Material for the task
*** Block opens ***

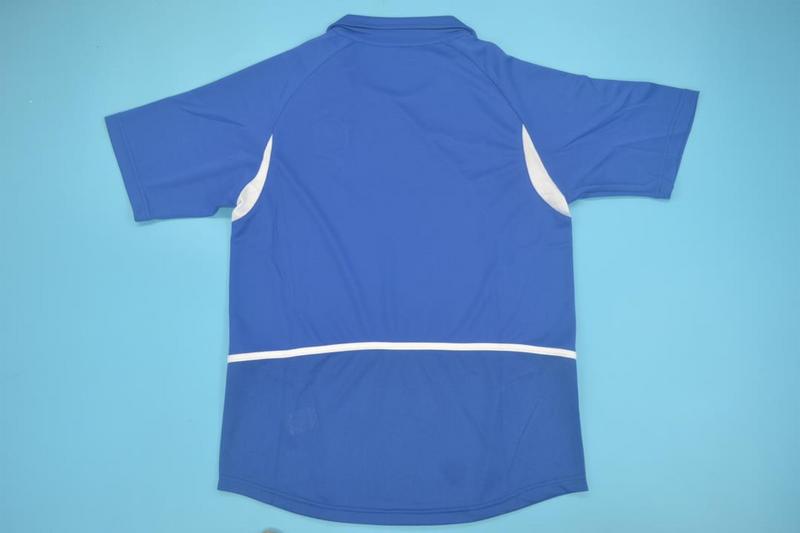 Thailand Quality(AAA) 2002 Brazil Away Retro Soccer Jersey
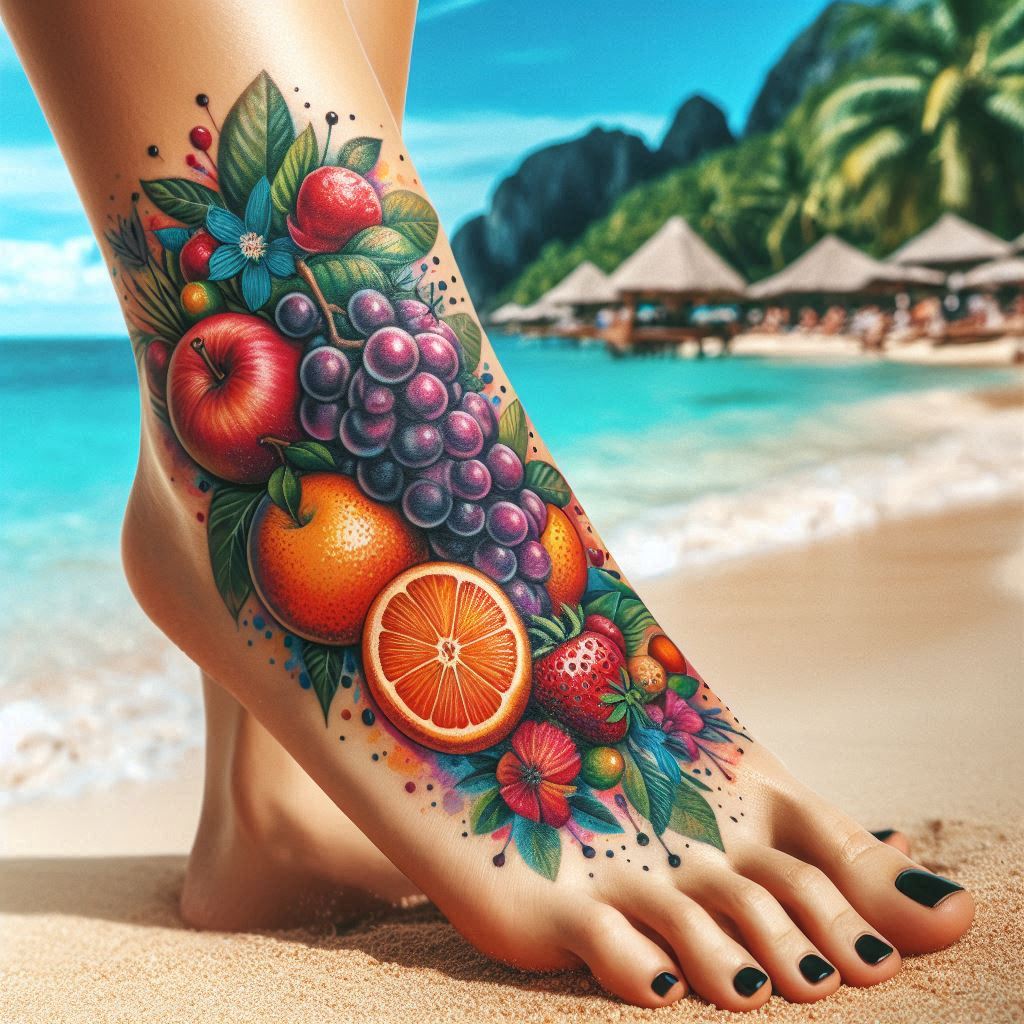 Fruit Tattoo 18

*** Block closes ***
*** Block opens ***

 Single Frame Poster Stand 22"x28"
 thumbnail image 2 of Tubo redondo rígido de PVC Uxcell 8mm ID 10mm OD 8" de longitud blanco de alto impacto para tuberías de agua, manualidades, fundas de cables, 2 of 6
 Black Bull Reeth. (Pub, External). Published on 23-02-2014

*** Block closes ***

The problem
Look above for the line with "Thailand Quality(AAA) 2002" and the line with "Fruit Tattoo 18"; set down those two lines and all lines between them exactly, without pictures and without anything else.

Written answer
 Thailand Quality(AAA) 2002 Brazil Away Retro Soccer Jersey
 Fruit Tattoo 18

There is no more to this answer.